The ATO has published two new interpretive decisions which clarify its position on paying superannuation benefits, particularly death benefits, by way of journal entry.

Late last week, the ATO released ATO ID 2015/2 and ATO ID 2015/3, which consider basically identical facts, said DBA Lawyers director Bryce Figot.

“The benefits of the deceased member consisted of publicly listed shares and cash. The [spouse of the deceased and other member of the SMSF] wishes to remain in the fund and to recontribute the death benefit directly to their member account. In order to avoid transaction fees, the [spouse] wishes to know whether it is possible to transfer the monies from the deceased member's account to the taxpayer's own account by way of journal entry,” the ATO stated.

In ATO ID 2015/2, the ATO considers whether the facts constitute a payment of a ‘superannuation death benefit’ for the purposes of s 307-5(1) of the Income Tax Assessment Act 1997, Mr Figot said.
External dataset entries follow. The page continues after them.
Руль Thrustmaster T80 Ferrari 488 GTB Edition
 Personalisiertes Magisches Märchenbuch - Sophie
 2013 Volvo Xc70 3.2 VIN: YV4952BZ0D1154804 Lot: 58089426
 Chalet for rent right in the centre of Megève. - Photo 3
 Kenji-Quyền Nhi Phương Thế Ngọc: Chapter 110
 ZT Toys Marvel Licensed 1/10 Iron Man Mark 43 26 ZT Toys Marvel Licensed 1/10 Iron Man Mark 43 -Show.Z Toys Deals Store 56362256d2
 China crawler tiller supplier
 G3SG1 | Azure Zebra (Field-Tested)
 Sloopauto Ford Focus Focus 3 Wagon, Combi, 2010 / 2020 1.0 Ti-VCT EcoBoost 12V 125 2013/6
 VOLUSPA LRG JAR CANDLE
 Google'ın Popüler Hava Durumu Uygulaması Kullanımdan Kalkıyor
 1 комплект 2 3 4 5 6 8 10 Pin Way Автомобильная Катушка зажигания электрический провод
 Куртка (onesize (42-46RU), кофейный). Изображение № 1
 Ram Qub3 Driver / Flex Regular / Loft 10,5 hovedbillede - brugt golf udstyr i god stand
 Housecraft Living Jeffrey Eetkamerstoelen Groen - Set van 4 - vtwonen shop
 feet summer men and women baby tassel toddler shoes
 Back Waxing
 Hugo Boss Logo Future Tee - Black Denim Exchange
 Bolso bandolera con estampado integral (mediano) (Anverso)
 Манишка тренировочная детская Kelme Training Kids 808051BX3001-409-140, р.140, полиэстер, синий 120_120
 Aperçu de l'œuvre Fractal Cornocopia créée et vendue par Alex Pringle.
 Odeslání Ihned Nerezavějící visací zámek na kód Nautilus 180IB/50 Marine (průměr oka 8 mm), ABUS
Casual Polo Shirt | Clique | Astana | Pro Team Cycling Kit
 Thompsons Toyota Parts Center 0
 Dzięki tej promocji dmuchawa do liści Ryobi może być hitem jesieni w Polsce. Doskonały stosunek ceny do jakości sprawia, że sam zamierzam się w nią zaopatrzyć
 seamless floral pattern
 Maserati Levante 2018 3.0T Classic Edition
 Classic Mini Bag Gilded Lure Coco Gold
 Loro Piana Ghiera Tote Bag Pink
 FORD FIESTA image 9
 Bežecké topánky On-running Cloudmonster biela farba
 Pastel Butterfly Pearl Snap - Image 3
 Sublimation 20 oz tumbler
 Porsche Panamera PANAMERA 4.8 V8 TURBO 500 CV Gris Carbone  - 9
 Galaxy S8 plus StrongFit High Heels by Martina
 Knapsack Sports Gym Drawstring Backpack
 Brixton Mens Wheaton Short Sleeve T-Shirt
In ATO ID 2015/3, the ATO considers whether the facts constitute a payment for the purposes of reg 6.21 of the Superannuation Industry (Supervision) Regulations 1994 (SISR).

The ATO answered the questions in both ATO ID 2015/2 and ATO ID 2015/3 with a no, Mr Figot said.

He explained that in ATO ID 2015/3, the ATO links payment with cashing and states.

“Cashing involves an SMSF making a payment which reduces the member's benefits in the fund. Consequently, transferring the shares and cash to the taxpayer's account from the deceased member's account via a journal entry would not amount to 'cashing' the benefits, and therefore, regulation 6.21 of SISR would not be satisfied,” the ATO stated.

Mr Figot said the reasoning in ATO ID 2015/2 “raises a more interesting question,” with the ATO canvassing what is often referred to as the principle in Spargo’s case.

“In Spargo's it was held that a payment will occur where two parties both have a present liability or legal obligation to the other (mutual liabilities or mutual obligations) and they make an agreement and set off the liabilities against each other using a book entry,” the ATO stated.

The ATO determined in ATO ID 2015/3 that the principle did not apply, noting, based on the principle in Spargo's, a journal entry will only constitute a payment if there are mutual liabilities between the taxpayer and the SMSF and there is an agreement between those parties to set off the liabilities.

There is not a mutual liability in this case as the taxpayer does not have a liability to the SMSF,” the ATO stated.